Both companies have manufactured tens of millions of doses and are ready to hit the ground running when approval is granted. Still, mass inoculation will take at least four to six months. It's "the largest, most complex vaccination program ever attempted," said Kelly Moore of the Immunization Action Coalition. Health-care workers will be first in line, and are likely to exhaust the 45 million doses (enough for 22.5 million people) that will be available in December and perhaps January. After that, priority is likely to be given to the elderly, essential workers such as police officers and firefighters, and those with underlying medical conditions. For the general population, experts say, we're looking at spring or early summer.

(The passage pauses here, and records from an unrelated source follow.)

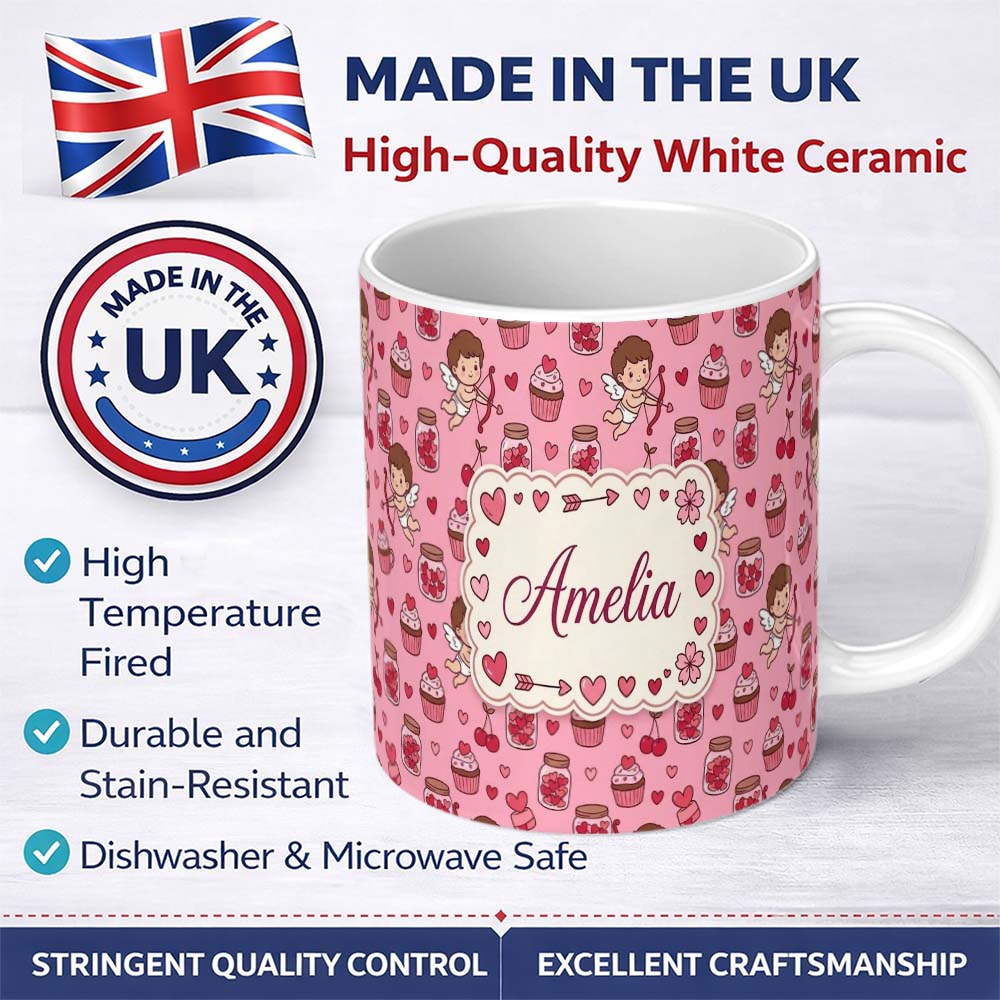 Personalized Custom Name Cupid Angels Hearts Sweets Kawaii Valentine Seamless Pattern Purple 11oz Ceramic Coffee Tea Mug White Large Handle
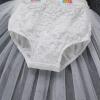 Baby Girl Clothes, Newborn Toddler 1st Birthday Outfit Boho Ruffle Sleeveless Lace Tulle Romper Princess Tutu Dress Backless Infant Bodysuit First Birthday Photoshoot Clothes White - Rainbow 12-18 Months view 4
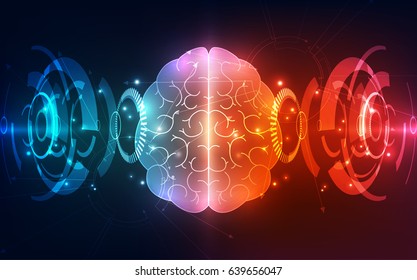 Vector abstract human brain on technology background represent artificial intelligence concept, illustration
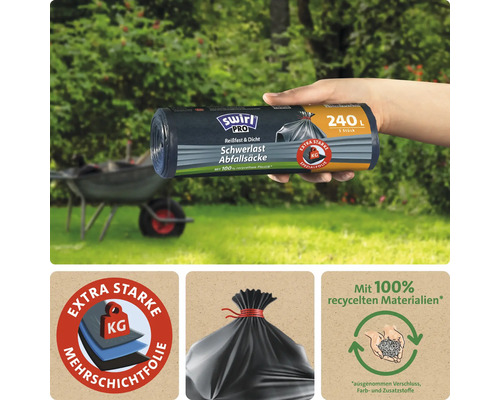 Swirl Pro Schwerlast Abfallsäcke 240 Liter aus recyceltem Kunststoff für Gartenabfälle mit reißfester Mehrschichtfolie in einer 5er Packung.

The enormous promise of mRNA

The excitement over mRNA vaccines' early success extends well beyond what it means for the coronavirus pandemic. The trial data offer the first solid evidence for a technology whose potential has excited researchers for years, and hold out great promise for the fight against other diseases. Experts say genetic technology could improve vaccines for the flu and other infectious diseases. It has the potential to create a new category of medicines, opening the door to treatments for heart disease, cancer, and autoimmune diseases. Moderna is currently testing the viability of an mRNA-based cancer therapy that's customized for each patient based on the mutations found in their tumor cells, and BioNTech, Pfizer's German partner, is working on vaccines to treat breast, skin, and pancreatic cancer. With a platform now in place, the mRNA coronavirus vaccines also offer a model for creating vaccines for future pandemics at previously unimaginable speed — weeks or months instead of years. "'Historic' isn't even the right word," says Larry Corey, a virologist at the Fred Hutchinson Cancer Center in Seattle. "It's just an amazing accomplishment of science."